Storytelling in the Liberal Arts and Sciences

Seven years ago we ran our first storytelling workshop as Wind&Bones. This first ever workshop was a multilingual event with asylum-seekers and refugees in Leicester, UK. It was a sheer, boisterous delight, held in a community hall in the centre of the city. We shared and wrote stories in multiple languages, whilst at the same time an exercise class was taking part in another corner of the hall, and lunch being served in yet another.

Since then, our understanding of storytelling and the power of storytelling has increased immeasurably. So we’re delighted that Wind&Bones’s Dr Will Buckingham has been commissioned to write a Liberal Arts and Sciences Strengthening Guide on storytelling for the Open Society University Network (OSUN).

OSUN is a global network of higher education institutions committed to the idea that the primary role of education is to support open societies. These are societies based on democratic practice, sustainability, addressing inequalities, a commitment to human rights and global justice, the promotion of global public health, and a commitment to the pivotal role played by the arts.
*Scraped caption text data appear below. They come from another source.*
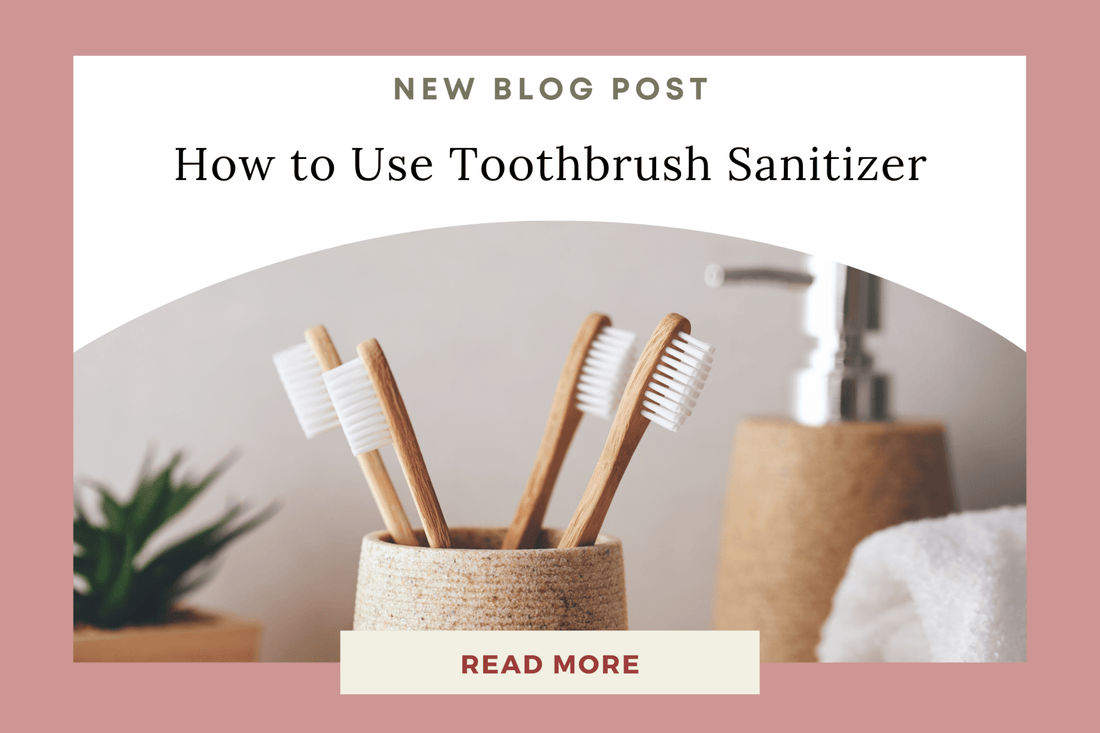 How to Use the Nexus UV Bacteria-Killing Toothbrush Holder Travel Case - Eunoia Selects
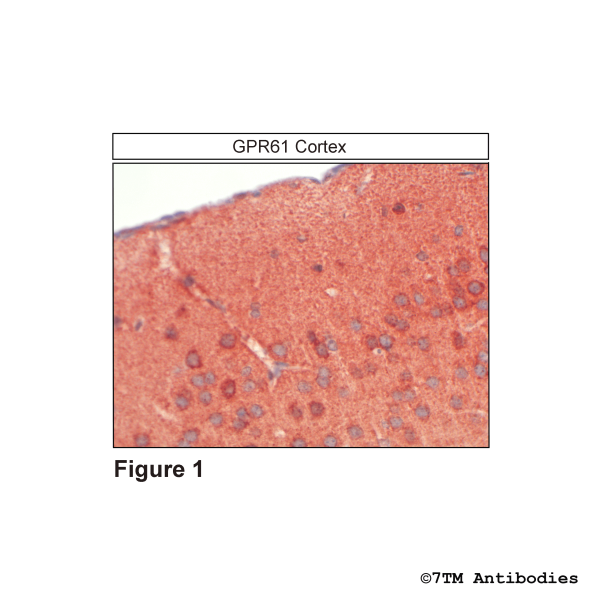 Immunohistochemical identification of G Protein-coupled Receptor 61 in cortex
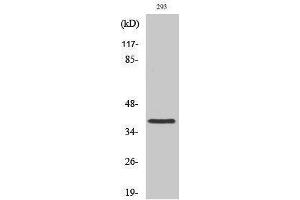 Image no. 1 for anti-Moloney Sarcoma Oncogene (MOS) (Internal Region) antibody (ABIN3185619)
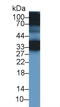 Protein CREG1 antibody, LS-C696765, Lifespan Biosciences, Western Blot image 
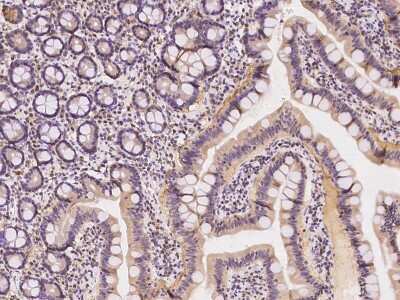 Immunohistochemistry-Paraffin: AFG3L2 Antibody [NBP2-97748] - Immunochemical staining of human AFG3L2 in human duodenum with rabbit polyclonal antibody at 1:1000 dilution, formalin-fixed paraffin embedded sections.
Both Will and Hannah from Wind&Bones work for Parami University, a part of the OSUN network — Hannah in the Insitute of Continuing Education, and Will in the Institute of Undergraduate Studies.

The guide is called Storytelling in the Multilingual and Multicultural Classroom: Community, Communication, Confidence, and Connection, and will be available some time next year. The project will give us the opportunity to share the fruits of our experience and expertise from the past seven years with educators across the OSUN network. Over this time, we’ve developed and perfected some powerful methods for working on storytelling across differences of language and culture. We have run projects in Myanmar, Indonesia, Taiwan, Bulgaria, Scotland, England, Ireland and elsewhere, and we have met some astonishing, wonderful, and deeply committed storytellers, activists, writers, and champions of social justice. So we’re looking forward to drawing together some of our insights and know-how into a guide that will inspire others to use storytelling to bring about positive change.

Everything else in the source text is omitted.